Peng Ling, Zhu Liping, Sun Yilan, Stebbing Justin, Selvaggi Giovanni, Zhang Yongchang, Yu Zhentao
Cancer Center, Department of Pulmonary and Critical Care Medicine, Zhejiang Provincial People's Hospital, Affiliated People's Hospital, Hangzhou Medical College, Hangzhou, China.
Department of Medical Oncology, Shouguang Hospital of Traditional Chinese Medicine, Shouguang, China.

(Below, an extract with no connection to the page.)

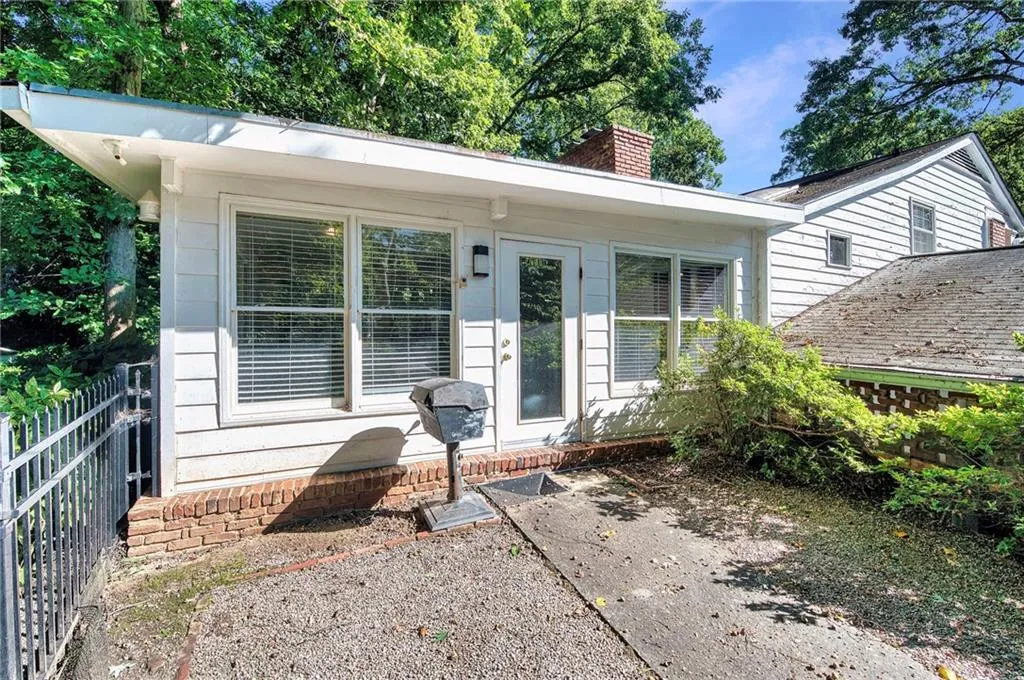 5598 Sherrell Drive, Atlanta, Georgia 30342, 4 Bedrooms Bedrooms, ,2 BathroomsBathrooms,Residential,Sold,5598 Sherrell Drive,7443811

Front Oncol. 2022 Apr 6;12:863461. doi: 10.3389/fonc.2022.863461. eCollection 2022.
Anaplastic lymphoma kinase (ALK) alterations in non-small cell lung cancer (NSCLC) can be effectively treated with a variety of ALK-targeted drugs. After the approval of the first-generation ALK inhibitor crizotinib which achieved better results in prolonging the progression-free survival (PFS) compared with chemotherapy, a number of next-generation ALK inhibitors have been developed including ceritinib, alectinib, brigatinib, and ensartinib. Recently, a potent, third-generation ALK inhibitor, lorlatinib, has been approved by the Food and Drug Administration (FDA) for the first-line treatment of ALK-positive (ALK+) NSCLC. These drugs have manageable toxicity profiles. Responses to ALK inhibitors are however often not durable, and acquired resistance can occur as on-target or off-target alterations. Studies are underway to explore the mechanisms of resistance and optimal treatment options beyond progression. Efforts have also been undertaken to develop further generations of ALK inhibitors. This review will summarize the current situation of targeting the ALK signaling pathway.
非小细胞肺癌(NSCLC)中的间变性淋巴瘤激酶(ALK)改变可通过多种ALK靶向药物进行有效治疗。在第一代ALK抑制剂克唑替尼获批后,与化疗相比,其在延长无进展生存期(PFS)方面取得了更好的效果,随后又开发了多种下一代ALK抑制剂,包括色瑞替尼、阿来替尼、布加替尼和恩莎替尼。最近,一种强效的第三代ALK抑制剂洛拉替尼已被美国食品药品监督管理局(FDA)批准用于一线治疗ALK阳性(ALK+)NSCLC。这些药物的毒性特征可控。然而,对ALK抑制剂的反应通常并不持久,可能会因靶向或非靶向改变而产生获得性耐药。目前正在进行研究以探索耐药机制和进展后的最佳治疗方案。人们也一直在努力开发更新一代的ALK抑制剂。本综述将总结靶向ALK信号通路的现状。